Object under Construction
Object under Construction

While working today, I thought of riding my bike.  On my bike this afternoon, I was at work. Consider this project.

A construction crew is creating a building.  It is an object composed of other objects, with names like board, nail, and pipe. They have attributes like soft, square, or pink. Some buildings suck when they are created without a plan. Other buildings rock because they have been cleverly designed.

Computer code creates objects composed of other objects with names like integer, array and function.  They have attributes like bold, visible, and pink.  Some code sucks and other code … well actually all code is crappy in the eye of another beholder.

To deconstruct a crappy building requires a permit, dump truck, a crew and a crowbar.  Fixing crappy code requires a pinky finger and a backspace key.

Published by

Karl

Born in Harrisburg, PA. Undergrad at Drexel University. Learned to ride a bike when six years old, riding ever since. Started cooking when I was in college, stopped when I got married, started again in 2006 when my wife was out of town for a few months. Jobs: worked at post office while in college to earn money to buy a stereo. After grad school, worked at a small software company in Redmond, WA for twelve years. Afterwards, went back to school to get a certificate, then started teaching high school. Still doing that off and on, part time as the need arises.

2 thoughts on “Object under Construction”

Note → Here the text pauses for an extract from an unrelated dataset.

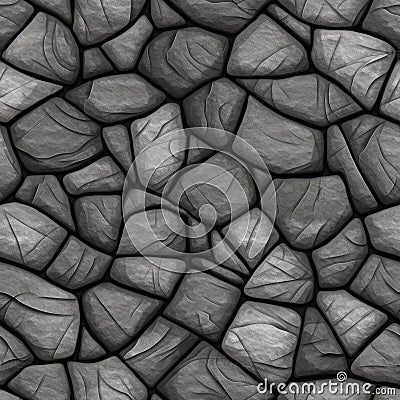 Seamless grey pebbles pattern made with Generative AI. Stock Photo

    1. Several approaches have achieved remarkable results in educational deconstruction. The critical idea to remember is that the individual, and/or her parents are in responsible for a quality education, not some institution. I know one parent who enrolled his daughter in a college algebra class when she was in sixth grade because he thought the school was not offering what she needed. In another case, a young man simply opted out – instead of going to class every day, he stayed across the street at the library and read math books. In other cases, parents take their children out of the public school system and enroll them in quality private or charter schools.